■ PROBLEM REQUIREMENTS
Write the lines out again, from the top of the material to the line containing "Appartement 2 pièces, 31", pictures excluded.

■ MATERIAL TO PROCESS
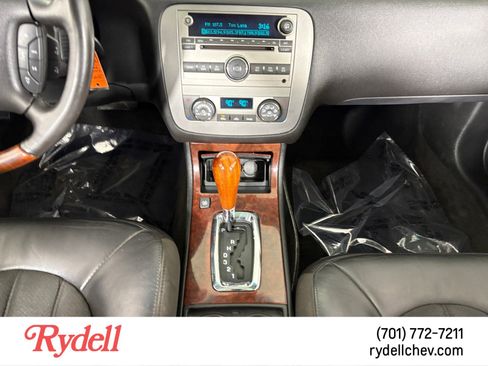 Used 2009 Buick Lucerne Super image 15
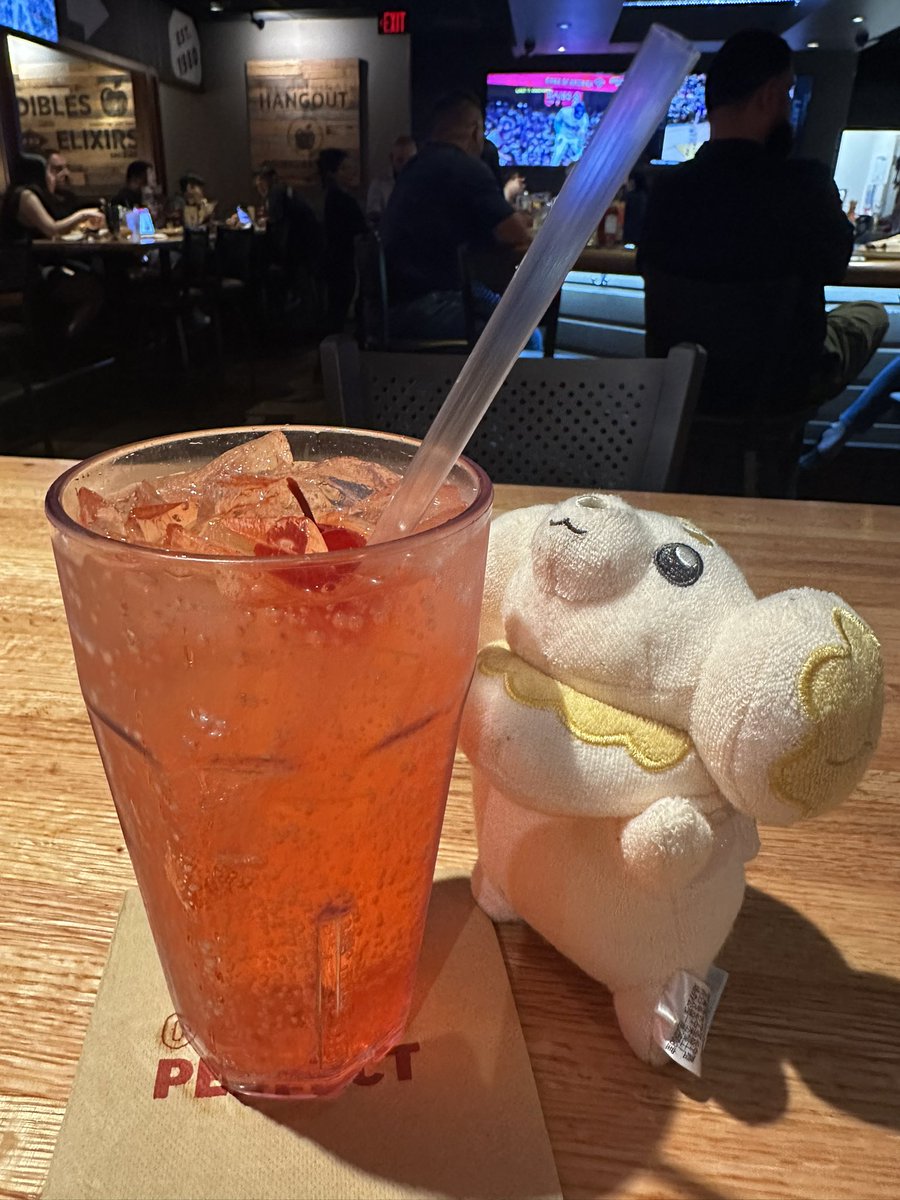 cicimagica's tweet photo. Thirsty boi https://t.co/agiveyiHI0
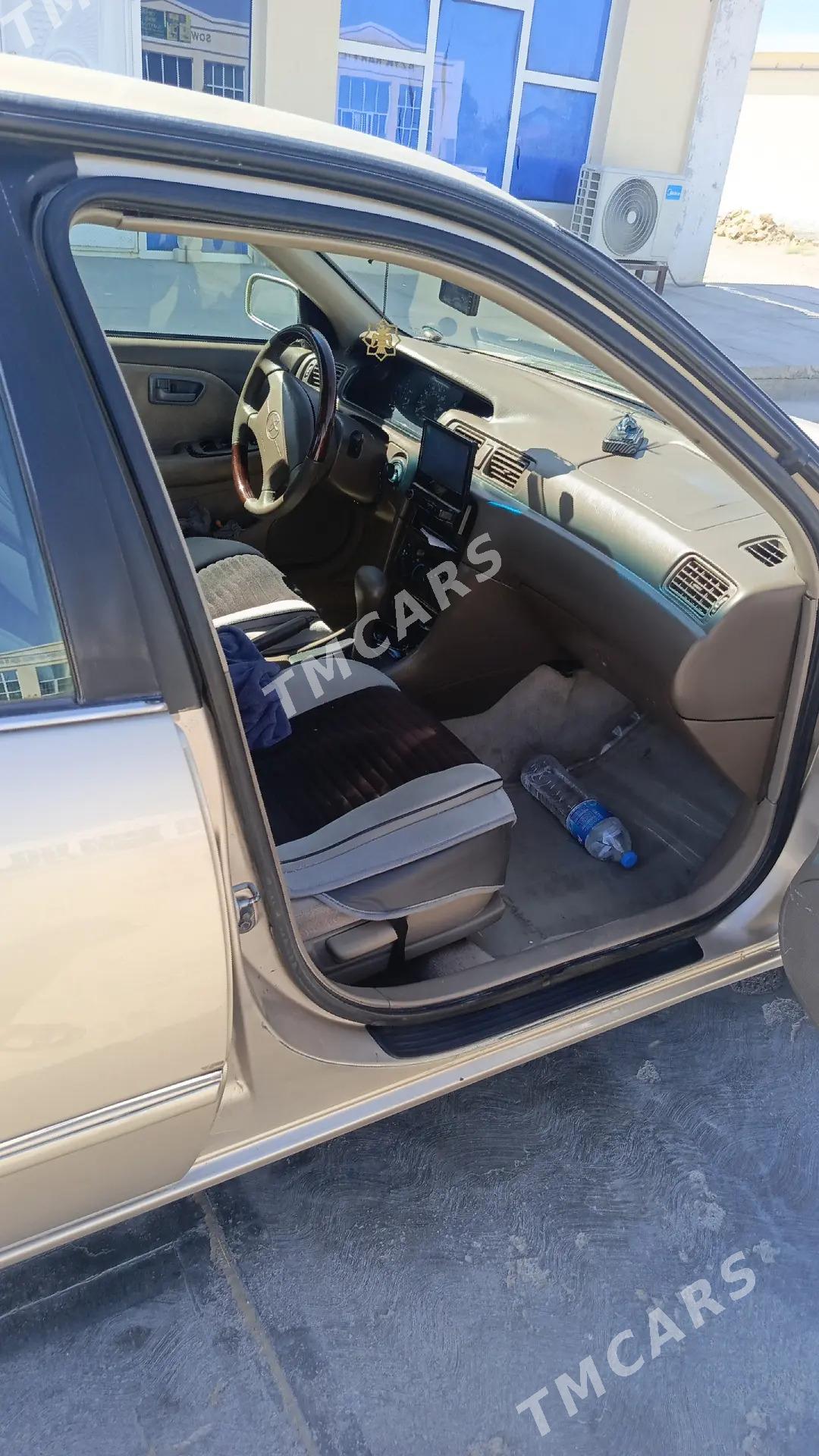 Toyota Camry 1998 - 150 000 TMT - Дарганата - img 5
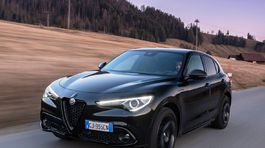 Alfa Romeo Stelvio a Giulia Estrema - 2022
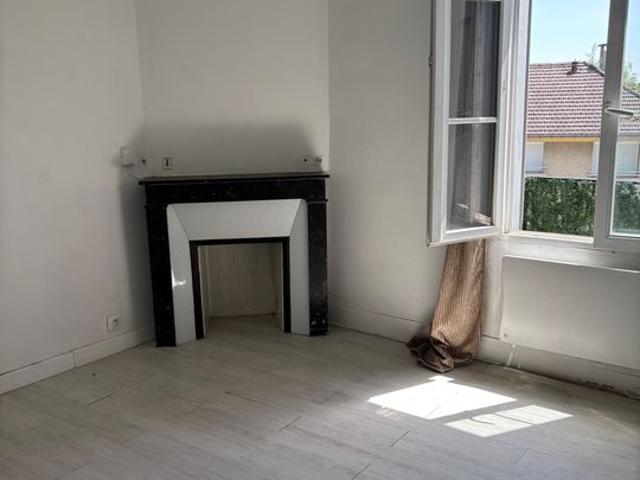 Appartement 2 pièces, 31 m² à louer à Louvres 95380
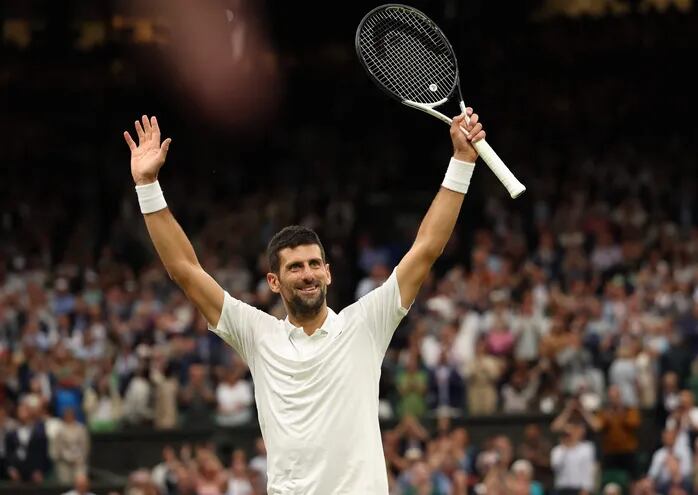 El serbio Novak Djokovic celebra la victoria sobre el italiano Jannik Sinnner en las semifinales de Wimbledon 2023.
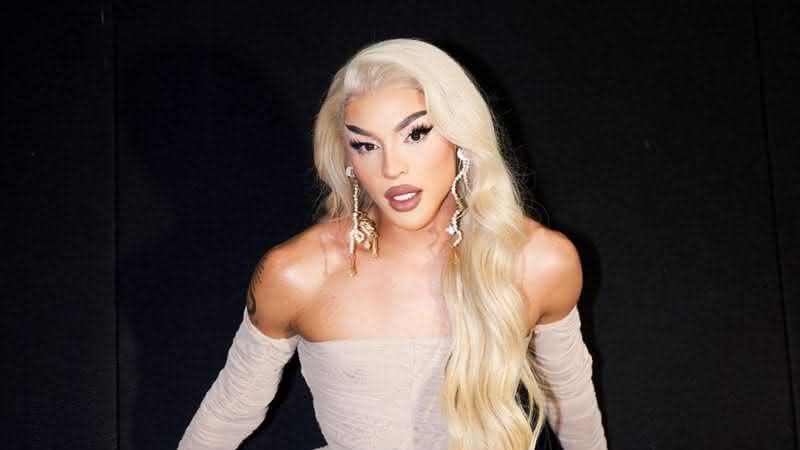 Sydney Salles, hairstylist de Pabllo Vittar, fala sobre o processo de criação por trás das famosas laces - Instagram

■ WRITTEN REPLY
 Used 2009 Buick Lucerne Super image 15
 cicimagica's tweet photo. Thirsty boi https://t.co/agiveyiHI0
 Toyota Camry 1998 - 150 000 TMT - Дарганата - img 5
 Alfa Romeo Stelvio a Giulia Estrema - 2022
 Appartement 2 pièces, 31 m² à louer à Louvres 95380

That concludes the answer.